(GIVEN RECORDS Opens)

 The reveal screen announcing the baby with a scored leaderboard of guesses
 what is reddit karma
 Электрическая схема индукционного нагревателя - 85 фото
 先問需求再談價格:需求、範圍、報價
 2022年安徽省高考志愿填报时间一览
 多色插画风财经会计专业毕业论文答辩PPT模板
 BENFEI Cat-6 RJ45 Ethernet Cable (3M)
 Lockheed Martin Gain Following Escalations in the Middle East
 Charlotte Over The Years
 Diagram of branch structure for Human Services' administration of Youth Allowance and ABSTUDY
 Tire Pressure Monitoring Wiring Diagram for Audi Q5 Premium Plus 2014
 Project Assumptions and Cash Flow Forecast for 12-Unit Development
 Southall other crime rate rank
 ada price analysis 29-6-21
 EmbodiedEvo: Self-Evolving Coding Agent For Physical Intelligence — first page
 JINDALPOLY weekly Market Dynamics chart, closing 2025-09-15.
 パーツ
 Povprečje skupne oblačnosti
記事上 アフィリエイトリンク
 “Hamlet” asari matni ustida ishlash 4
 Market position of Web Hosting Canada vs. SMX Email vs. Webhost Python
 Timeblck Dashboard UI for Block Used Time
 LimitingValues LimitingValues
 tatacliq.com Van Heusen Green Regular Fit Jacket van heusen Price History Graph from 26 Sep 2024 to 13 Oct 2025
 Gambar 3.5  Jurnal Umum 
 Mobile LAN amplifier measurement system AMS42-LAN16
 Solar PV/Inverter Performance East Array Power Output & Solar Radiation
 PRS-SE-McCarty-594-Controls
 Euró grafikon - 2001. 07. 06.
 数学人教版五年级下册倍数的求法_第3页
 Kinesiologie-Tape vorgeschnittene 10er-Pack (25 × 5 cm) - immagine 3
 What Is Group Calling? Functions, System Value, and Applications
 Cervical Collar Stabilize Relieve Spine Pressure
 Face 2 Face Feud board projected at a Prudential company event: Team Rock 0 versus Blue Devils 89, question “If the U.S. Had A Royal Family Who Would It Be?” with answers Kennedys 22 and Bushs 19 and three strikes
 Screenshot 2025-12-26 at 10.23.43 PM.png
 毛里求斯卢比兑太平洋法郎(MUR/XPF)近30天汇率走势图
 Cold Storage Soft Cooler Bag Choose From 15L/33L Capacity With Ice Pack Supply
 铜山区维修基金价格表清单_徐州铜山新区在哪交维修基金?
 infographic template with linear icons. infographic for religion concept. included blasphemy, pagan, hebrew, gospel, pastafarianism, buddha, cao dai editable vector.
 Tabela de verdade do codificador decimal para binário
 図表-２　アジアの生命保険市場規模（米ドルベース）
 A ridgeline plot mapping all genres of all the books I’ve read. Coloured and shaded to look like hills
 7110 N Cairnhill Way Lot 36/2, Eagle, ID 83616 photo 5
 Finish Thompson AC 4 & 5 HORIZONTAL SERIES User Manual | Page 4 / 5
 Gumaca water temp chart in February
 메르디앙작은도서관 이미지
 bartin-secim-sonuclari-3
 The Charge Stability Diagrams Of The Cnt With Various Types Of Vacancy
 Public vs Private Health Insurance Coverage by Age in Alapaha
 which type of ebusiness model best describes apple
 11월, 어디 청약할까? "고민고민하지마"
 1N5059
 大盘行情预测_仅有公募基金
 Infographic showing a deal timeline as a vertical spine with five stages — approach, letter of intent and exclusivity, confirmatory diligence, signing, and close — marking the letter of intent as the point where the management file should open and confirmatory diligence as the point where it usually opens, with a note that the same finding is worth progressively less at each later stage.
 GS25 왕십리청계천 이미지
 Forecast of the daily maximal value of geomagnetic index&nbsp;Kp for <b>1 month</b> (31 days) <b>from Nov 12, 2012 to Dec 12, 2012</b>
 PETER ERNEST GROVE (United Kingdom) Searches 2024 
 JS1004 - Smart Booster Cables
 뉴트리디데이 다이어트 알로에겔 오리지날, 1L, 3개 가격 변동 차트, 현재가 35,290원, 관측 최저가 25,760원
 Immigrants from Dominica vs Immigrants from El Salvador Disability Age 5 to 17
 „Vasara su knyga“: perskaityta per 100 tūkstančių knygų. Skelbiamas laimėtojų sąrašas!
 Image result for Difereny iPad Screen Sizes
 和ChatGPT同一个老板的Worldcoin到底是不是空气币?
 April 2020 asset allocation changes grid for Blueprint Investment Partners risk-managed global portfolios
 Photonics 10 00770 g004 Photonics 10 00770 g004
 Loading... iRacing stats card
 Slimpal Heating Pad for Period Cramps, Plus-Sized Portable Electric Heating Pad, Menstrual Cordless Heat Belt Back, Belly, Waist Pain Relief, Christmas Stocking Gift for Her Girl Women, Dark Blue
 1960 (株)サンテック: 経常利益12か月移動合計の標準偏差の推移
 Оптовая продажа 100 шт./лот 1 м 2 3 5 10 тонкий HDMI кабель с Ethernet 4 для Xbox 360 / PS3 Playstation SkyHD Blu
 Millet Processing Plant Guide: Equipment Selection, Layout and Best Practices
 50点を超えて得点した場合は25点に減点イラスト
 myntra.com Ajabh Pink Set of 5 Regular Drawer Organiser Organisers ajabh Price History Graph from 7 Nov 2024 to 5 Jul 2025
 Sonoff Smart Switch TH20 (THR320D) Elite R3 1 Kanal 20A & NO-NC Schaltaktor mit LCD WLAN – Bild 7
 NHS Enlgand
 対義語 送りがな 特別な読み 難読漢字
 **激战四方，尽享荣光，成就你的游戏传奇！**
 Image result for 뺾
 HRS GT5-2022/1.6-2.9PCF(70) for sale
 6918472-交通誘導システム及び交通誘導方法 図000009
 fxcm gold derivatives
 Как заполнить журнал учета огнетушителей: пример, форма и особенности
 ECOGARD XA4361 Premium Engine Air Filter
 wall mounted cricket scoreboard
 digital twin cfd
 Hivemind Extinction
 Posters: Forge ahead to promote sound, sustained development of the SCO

(GIVEN RECORDS Closes)

WHAT TO WORK ON: The lines to extract from the data above begin with the line containing "Mobile LAN amplifier" and end with the line containing "毛里求斯卢比兑太平洋法郎(MUR/XPF)近30天汇率走势图". Extract them exactly, including both.

ANSWER BOX:
 Mobile LAN amplifier measurement system AMS42-LAN16
 Solar PV/Inverter Performance East Array Power Output & Solar Radiation
 PRS-SE-McCarty-594-Controls
 Euró grafikon - 2001. 07. 06.
 数学人教版五年级下册倍数的求法_第3页
 Kinesiologie-Tape vorgeschnittene 10er-Pack (25 × 5 cm) - immagine 3
 What Is Group Calling? Functions, System Value, and Applications
 Cervical Collar Stabilize Relieve Spine Pressure
 Face 2 Face Feud board projected at a Prudential company event: Team Rock 0 versus Blue Devils 89, question “If the U.S. Had A Royal Family Who Would It Be?” with answers Kennedys 22 and Bushs 19 and three strikes
 Screenshot 2025-12-26 at 10.23.43 PM.png
 毛里求斯卢比兑太平洋法郎(MUR/XPF)近30天汇率走势图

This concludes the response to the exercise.